┌─ Data segment

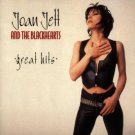 joan jett & the blackhearts - great hits CD 1996 sony music germany 23 tracks used mint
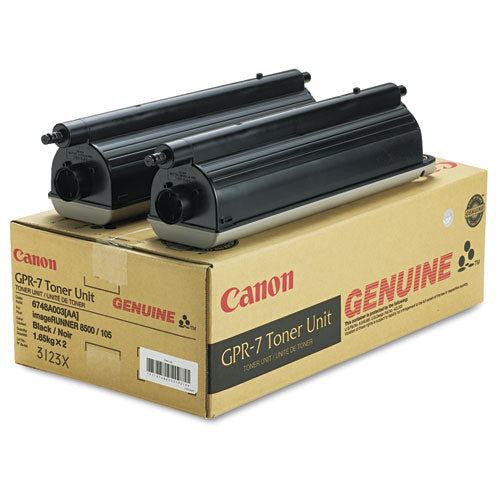 ESCNM6748A003AA - 6748a003aa (gpr-7) Toner, Black, 2-pk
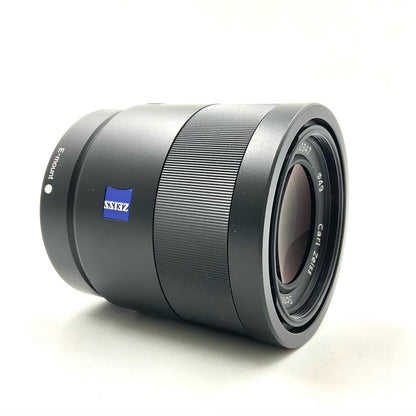 【全額返金保証】【最速発送】Sony Sonnar T* FE 55mm F1.8 ZA SEL55F18Z 美品 動作確認済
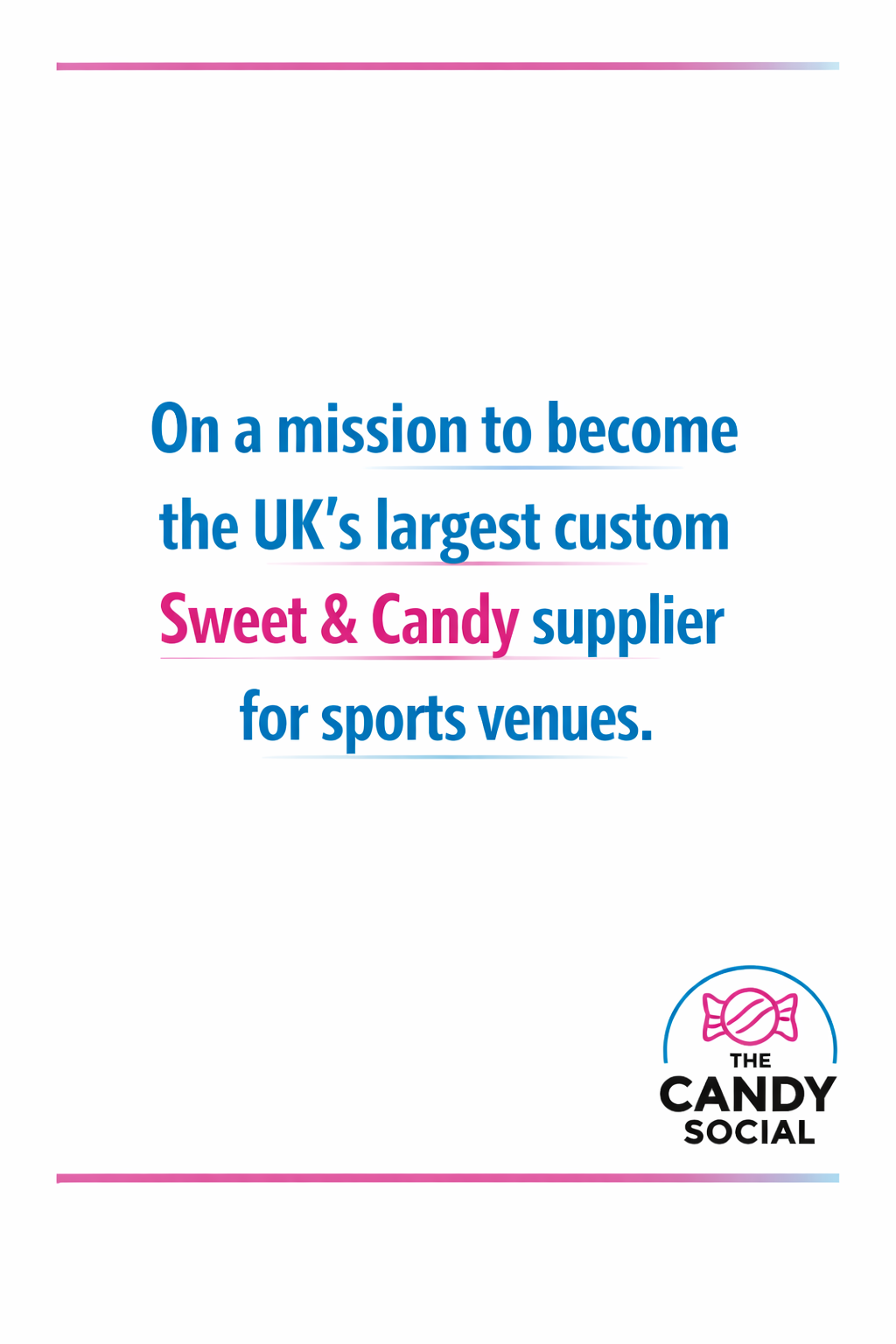 Business & club supply, done properly.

└─

• [Problem statement]: The expected output is an exact copy of the lines from the one holding "SEL55F18Z 美品 動作確認済" through the last line of the listing above, with the pictures omitted.

• [Solution for this exercise]:
 【全額返金保証】【最速発送】Sony Sonnar T* FE 55mm F1.8 ZA SEL55F18Z 美品 動作確認済
 Business & club supply, done properly.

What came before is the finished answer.